Friday, February 12, 2010

Life Sentence - Jesse Alswager passes away at age 13


I don't have words. But I know I have to give you some. It has now been 10 days since Jesse died unexpectedly to complications of his type 1 diabetes. Tonight my family - now only 4 - went to dinner to try to feel some sense of normalcy...

Those first few days I kept saying to everyone in a fog, "How can I go on telling people its not a death sentence? I've lied to them..."

Joe Brady, a good friend and a Triabetes athlete showed up the next day with a poem he claims was written with divine intervention. Framed, it sits next to me, I write it below:

Life Sentence

Did I say these words to a hundred,
a thousand parents?

"My name is Michelle Alswager
and my son, like your child, has type 1 diabetes
but don't worry,
it's not a death sentence."

My son Jesse, so little, diagnosed at age three
and so early gone at thirteen
I ask myself, what will I tell the parents now?
With eyes closed, I see my son..and know the answer:

Refuse with me to feel sorry for him
For he lived his diagnosis as a life sentence
with no time limit guarantee.

A life sentence to celebrate his days
touching others with his smile and patient ways
chilling with his school friends and neighbors
advocating with Governor, Congress, and doctors to find the cure.

Hanging with Dad at neighborhood parties
loving music, playing his sweet-sounding life melody
carving sharp, crisp lines with Sean on snowy slopes
laughing with brother and sisters at mom's corny jokes.

For him, beating the disease was to never
compromise, yield, submit or succumb
to an affliction whose victories
are counted with each lost possibility and
"can't do 'cause I've got type 1."

Never did he say "pity me" or "it's not fair"
Instead we heard "what's next?" and "let's go" and "cool!"
as he lived his life sentence.

So Please hear me, dear parent with newly diagnosed type 1,
not once did my son yield, submit or succumb
his life was rich, vibrant, a celebration...
Jesse didn't lose - he won.

~Joe Brady

Godspeed Jesse. We keep fighting for you and mom misses you and wishes you were here.

10 comments:

Unknown said...

While I do not personally know you my heart aches for you guys. I've said that many times since I learned of Jesse's passing, but I am truly saddened and broken hearted.
My own son who will be 13 on July 7, was dx'd at the age of 2, just 4 weeks before he turned 3.
I can't put into words the exact feeling I felt when I read jesses obit.
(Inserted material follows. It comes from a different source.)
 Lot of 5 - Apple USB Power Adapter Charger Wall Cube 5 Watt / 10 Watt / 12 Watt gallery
I cried, and I asked why?!
He's only 13! My thoughts and prayers are with you!!

Wendy said...

OMGsh. I'm heartbroken. Stunned. Sad.

I will pray for your family...this journey...your broken heart.

Oh, sweet fellow D mother, I am so incredibly sorry for your loss.

Lora said...

Heartbeoken doesn't begin to describe how I feel right now. I am scared what life has in store for us in this T1 journey. I hope that my son will also live his life to the fullest as Jesse did.
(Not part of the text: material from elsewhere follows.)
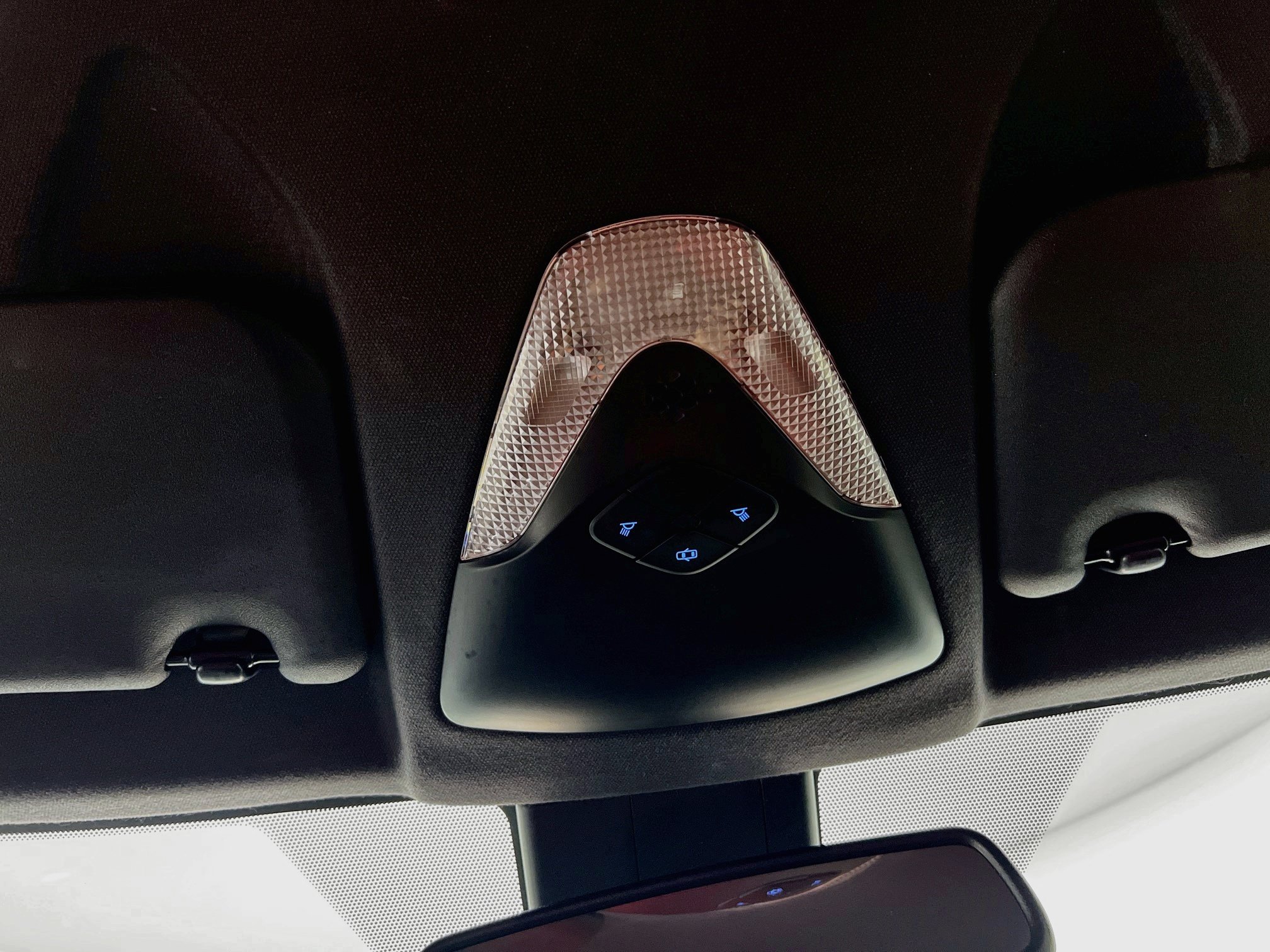 Used 2019 Toyota C-HR XLE FWD image 20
Our prayers are with you and your entire family. God Bless.

LaLa said...

I weep for you and your family. My heart is broken for you. I do not know you but please know that I am here praying for you and your family.
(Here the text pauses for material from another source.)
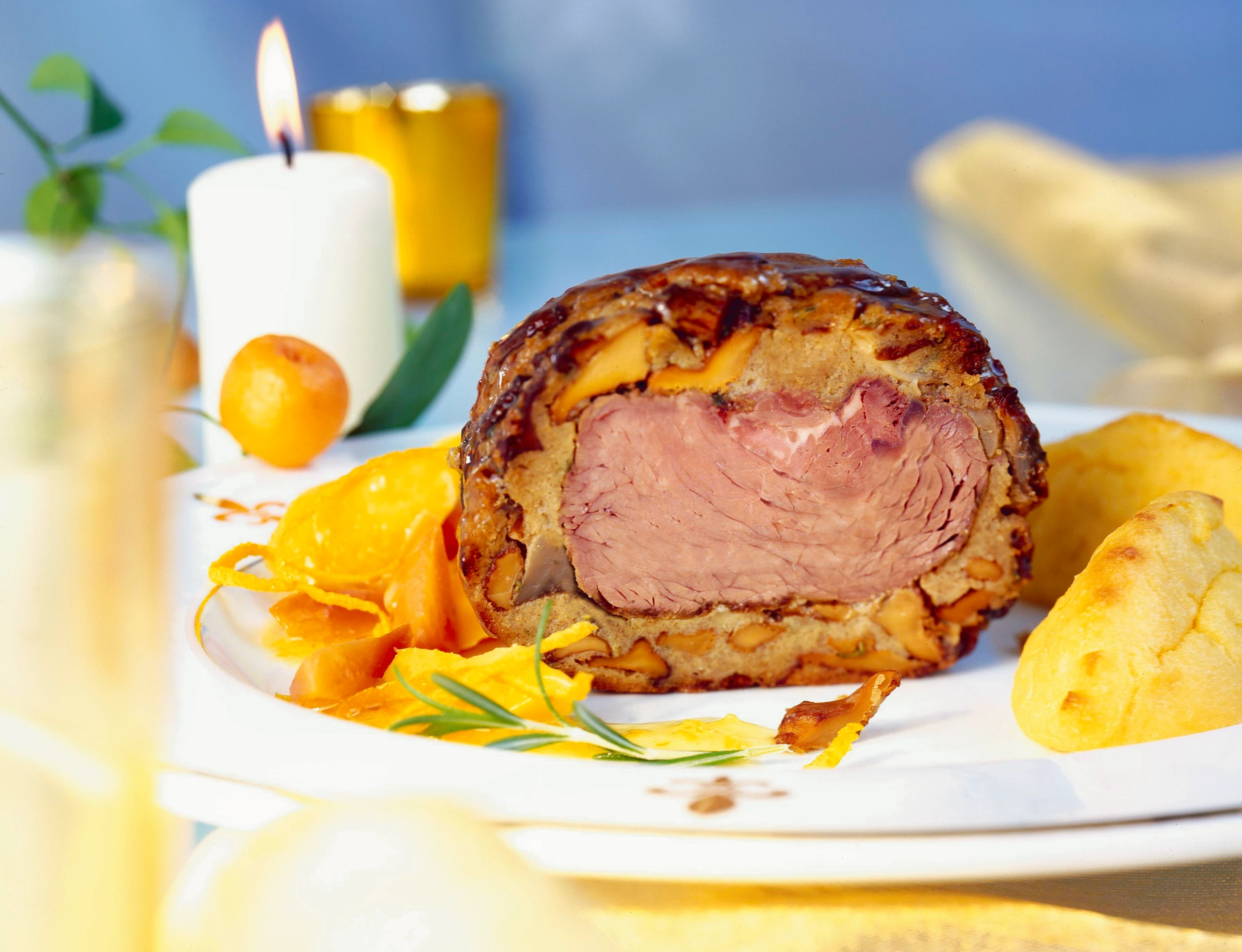 Rindsfilet in Eierschwammerlhülle auf Gemüse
My son, Nathan was dx at 14months last year.

I am truly sorry for your loss.

Kris said...

I'm so sorry. Just so, so sorry. I am sitting here in tears and I just don't know what to say.

What an amazing, inspirational child you raised. I know you are so proud of all he has done in his short 13 years.

Your family is in my thoughts and prayers. I am so very sorry for the loss of your wonderful litle boy.

Kris (Fellow mom of a T1 child dx'd 5 years ago at age 4)

Brickhead said...

Amen, Joe - well said. I totally agree with you. Michelle knows its not a death sentence any more than life itself is. The danger in having T1 is the same as living any "normal" life... its not dying that one should worry about, its NOT LIVING that is the tragedy. I choose to be like Jesse - I choose to live... and type 1 better get the hell out of my way. Thank you Joe - I hope to meet up with you again one day. Michelle, we are thinking of you and Sam and the rest of the family and community as always.

Shamae (Ghost written by Loren her hubby) said...

I'm so sorry to hear about your loss. It's so scary to me. My daughter is 6...dx 2 years ago with T1. Know that we are praying for you.

LindaF said...

What a beautiful, moving poem about Jesse, and how true the message. Thank you, Joe. And love to you, Michelle and family. We think of you with affection and concern every day.
Linda and Bruce Findlay

Unknown said...

What a pleasure to have met Jesse through video but he was full of life and great courage. My prayers for the family and may he rest in peace.

Kim Green said...

I am also the mother of a child with T1. My daughter Avery was dx at age 3 last year. My heart aches for you and your family. We are so grateful for the miracle of Jesse's life and how many people he touched and what a difference he made for a cause so close to our hearts. He is a hero , and we will always keep him in our prayers, thoughts, and our hearts.